出演■アントニオ・アルチディアコノ/ジュゼッペ・アルチディアコノ/アントニーノ・ミカーレ ※アチ・トレッツアの漁師と住民が演じた。

ヴェネチア国際映画祭 1948年
国際賞 ルキノ・ヴィスコンティ

【解説】
 ヴィスコンティ版「怒りの葡萄」。ネオ・レアリズモ仕様・漁師篇。なんて書くとやたら軽薄な感じだが、事実その通りの内容で、ここで若き巨匠は、ヴィットリオ・デ・シーカ監督に倣ってプロの俳優を一切使わず、シチリア島アーチ=トレッツアの漁師を起用し、作品の現実味を増させることに成功している。網元の搾取に苦しむ漁師たちに組合結成を呼びかける青年アントニオは、網元と結託する警察に捕まる。釈放後、非協力的な村民をしり目に独力で漁に出、これを事業として軌道に乗せるが、ある日、大時化に襲われ、全てを失う。素朴な島の民俗が盛り込まれ、権力と自然に拮坑する労働者の有り様と、一人の若者の闘いと挫折を、力強く描く、ヴィスコンティ初期の意義深い名作。映画データベース - allcinema より)

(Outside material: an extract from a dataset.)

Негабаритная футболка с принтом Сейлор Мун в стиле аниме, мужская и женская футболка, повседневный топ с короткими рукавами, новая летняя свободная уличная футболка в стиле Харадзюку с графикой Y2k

 元々、監督のヴィスコンティは、漁民たちの状態、農地問題、鉱山の失業というシチリア経済の三つの問題を三部作として描こうとした、この作品はその『海の挿話』の部分。
残念ながら、残りの2話は資金源でも有った共産党から資金が調達できず、製作することが出来なかった。